Каждый раз при мысли о пережитой в подъезде сцене я чувствовал отвращение и страх, вспоминал выражение наивного девичьего лица, нелепую фигуру, которой Элеонора пыталась соблазнить меня, потопив в море ужасных плотских помыслов. Да что мне до твоей девственности? Какое мне дело до этой страшной хлюпающей дыры, когда вся моя жизнь – сплошная пустыня, потрескавшаяся, выжженная глина вместо плодородной земли? Ничто так не пугает меня, как мысль о чьей-то девственности. Я вдруг совершенно четко это понял. При одной только мысли о том, что нужно пробиться сквозь эту отвратительную плеву, я становился импотентом. Я вспоминал Вольтера, думал о Кандиде: о его бессмысленных, осторожных рассуждениях. Думал о целомудренной хитрой девице, представлял, как по ее лицу текут слезы и капли дождя. Сцена из плохого романа.
В субботу мы вместе отправились в центр – гулять. Он с Розанной, я с Элеонорой. Нелепая четверка, смешнее не придумаешь. Мы пошли на площадь Навона, где стоял гам, где было полно пьяных туристов, уличных художников и игроков в карты. Быстро стемнело, девчонки нелепо шутили. В какой-то момент мне показалось, что все обойдется, – не так уж плохо, когда позади идут две девицы, готовые отдать за тебя жизнь.
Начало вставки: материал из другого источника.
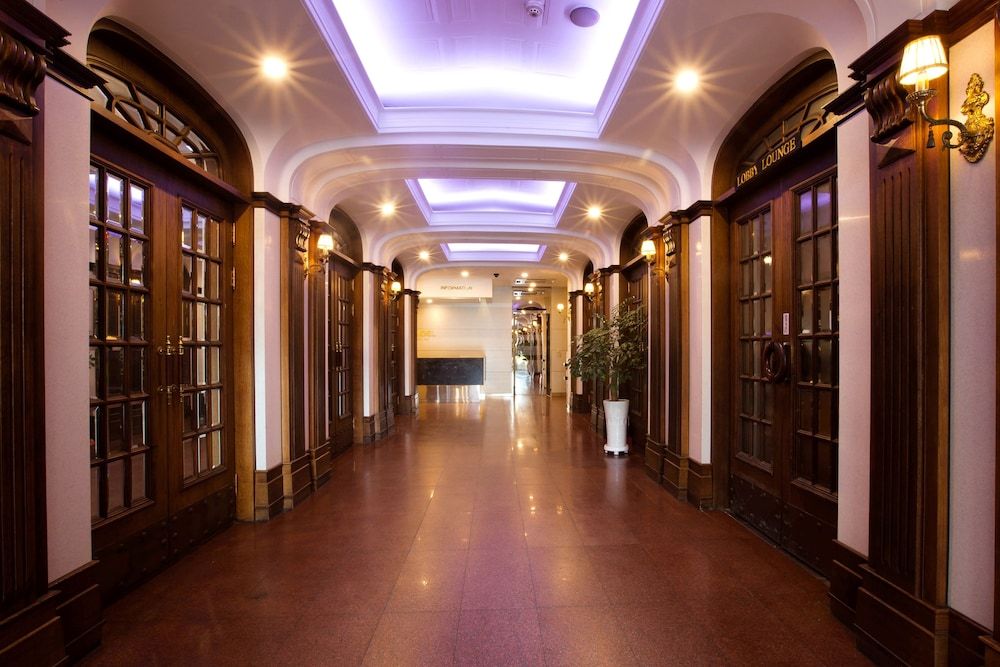 undefined Angel Hotel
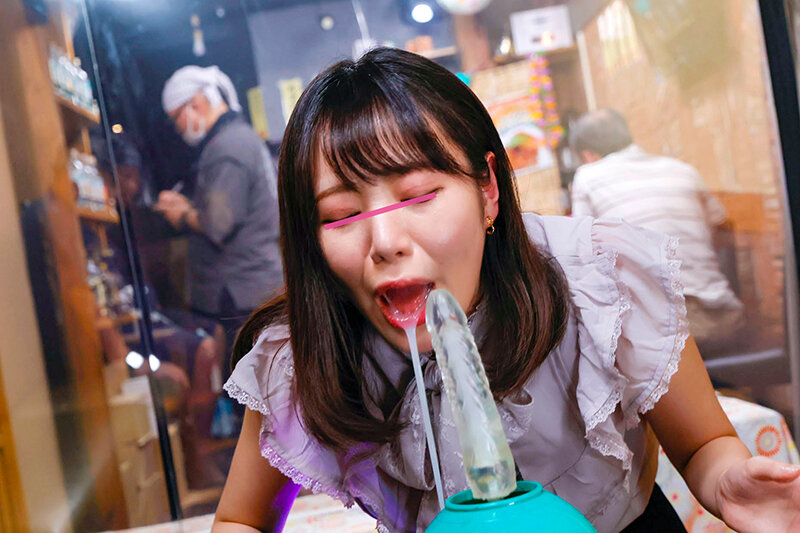 「羞恥！彼氏連れ素人娘をマシンバイブでこっそり攻めまくれ！23 素人VSマシンバイブ 激安居酒屋にマジックミラー特設スタジオを設置彼氏と毎日好（ハオ）ハオセックスしてる夏休み中リア充女子大生編」のサンプル画像10枚目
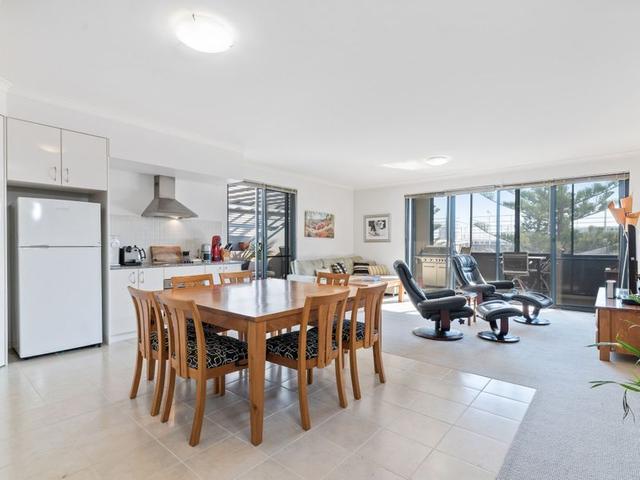 14/2-4 Pensioner Guard Road, WA 6159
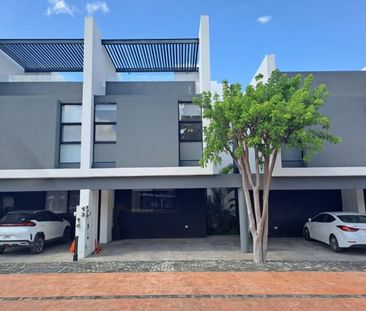 RENTA TOWNHOUSE EN PRIVADA LUANA CON ROOFTOP - Photo 6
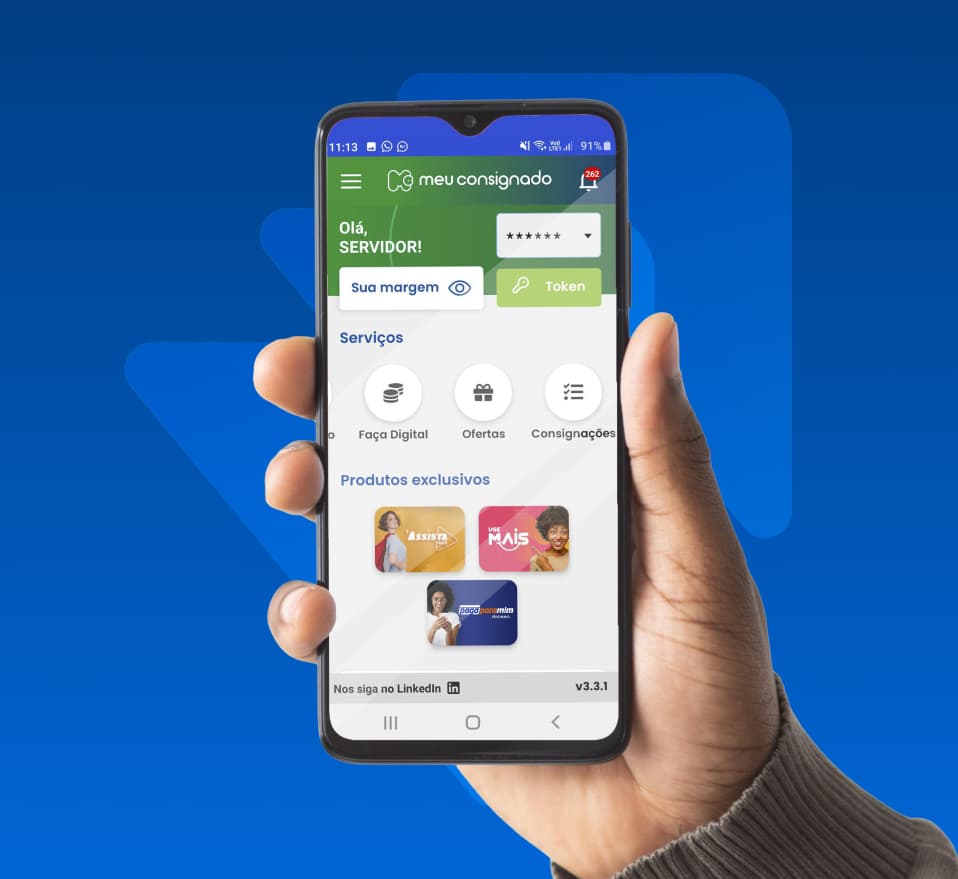 Celular com o aplicativo Meu Consignado, da Neoconsig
Элеонора забрасывала меня записками, подстерегала повсюду. Она хотела подарить мне себя, старалась остаться со мной наедине. Я мог бы извлечь из этого определенную выгоду. Наглая, пропахшая бедностью, источавшая сексуальную агрессию – такие всегда нравились парням в кашемировых свитерах. Она позвонила в нашу дверь, потому что знала, что дома никого нет.
– Как у вас хорошо, я никогда сюда не заходила.
«Врет и не краснеет», – подумал я.
Она выглянула из окна и посмотрела вниз, в сторону своего подвала. Потом повалилась ко мне на кровать:
– Иди сюда.
Ее волосы рассыпались по моей подушке огромным черным веером. Хороша, что тут скажешь. И готова отдаться, но только вот я для этого не гожусь. Для меня это все равно что смерть. Я попытался увести разговор в сторону:
– Я столько раз хотел покончить с собой!
– Да ладно! – не поверила она.
Я перечислил все виды и способы самоубийства, о которых думал долгие годы. Потом предложил выпить колы. Элеонора разглядывала нашу квартиру, увешанную картинами и хранившую следы когда-то весьма обеспеченной жизни, и не знала, верить мне или нет, смеяться или плакать. Я закинул ноги на стол и рыгнул.
– Рано или поздно я все-таки это сделаю! – гордо заявил я.
Я схватил кухонные ножницы и воткнул их в стол, прямо между пальцами. Обычный спектакль, но я всегда умел произвести впечатление. Я включился в игру и уже чувствовал себя актером, разыгрывающим гениальную сцену самоубийства, этаким Гарольдом из фильма «Гарольд и Мод».
– Ты это нарочно? – Элеонора безнадежно озиралась по сторонам. – Как жаль…
Она говорила вполне искренне – ей было жаль, что в такой большой и светлой квартире живет такой идиот, как я. Она взяла с полки одну из книг отца, пролистала несколько страниц, посмотрела на страшные фотографии кожных болезней. Издатели на них не поскупились. На огромном развороте красовался розовый гриб эритемы.
– О боже, какая гадость!
– Это книга отца.
– Понятно.
– Ты что, правда девственница?
Она посмотрела на меня жалобным взглядом коровы, которую тащат на бойню.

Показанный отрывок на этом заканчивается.